Fonterra achieved 75-80% of its statement of intentions for the 2021 financial year in the categories of healthy business and healthy environment, but fell much shorter in the healthy people category.
Fonterra achieved 75-80% of its statement of intentions for the 2021 financial year in the categories of healthy business and healthy environment, but fell much shorter in the healthy people category.
The targets and achievements were summarised in the Fonterra Co-operative Council’s October report to shareholders, ahead of its annual report due out later this month.
The business targets met were the milk price of $7.54/kg, about $1 ahead of the intention, return of capital of 6.6%, debt ratio down to 2.7, gearing ratio of 35.5% and 34c earnings per share at the top of the guidance range.
The one target not met concerned a further drop in Fonterra’s market share of milk collection from 80% down to 79%.
Fonterra has fallen behind its targets for reduction in water use at company sites, along with work injuries, female representation in senior leadership and employee engagement.
Overall, nine of 14 targets were met.
The council will make more comments on this scorecard in its annual report.
It has already commended the board for the recent progress by the co-operative and said that recent independent research indicated that 82% of members are more comfortable with the direction of the co-op than they were two or three years ago.
“Complementing that data, we have accumulated considerable feedback that members are very supportive of the transformation in culture they have perceived within Fonterra,” the council said.
Chair James Barron has published the first annual letter of expectations sent to the board of directors by the council after consulting with members.
The subject areas are culture, performance, investment and pride in the co-operative.
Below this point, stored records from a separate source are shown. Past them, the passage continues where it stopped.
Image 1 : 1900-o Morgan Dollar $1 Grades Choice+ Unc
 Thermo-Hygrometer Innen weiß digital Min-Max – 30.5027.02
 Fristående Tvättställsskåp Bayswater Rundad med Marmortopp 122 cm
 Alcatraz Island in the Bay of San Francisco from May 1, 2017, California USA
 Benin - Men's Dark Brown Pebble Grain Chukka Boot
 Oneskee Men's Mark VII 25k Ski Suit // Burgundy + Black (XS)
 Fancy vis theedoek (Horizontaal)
Under culture, the shareholders expect openness, honesty and transparency; genuine consultation on matters that affect their interests; and a culture where mistakes are acknowledged and lessons learned are shared.
Under performance, farmers expect the highest possible milk price; a respect for capital that is allocated and managed effectively; and for investment into innovation.
While happy with the new focus on New Zealand milk, farmers want as much transparency as possible on investment decisions.
Under the heading of pride, the council emphasised generational sustainability; good corporate citizenship; work on the public perception of dairying and on a workable, science-based regulatory environment.
Barron says the letter did not seek to interfere in any way with the role and authority of the board to govern Fonterra.
The expectations are consistent with Fonterra’s stated purpose.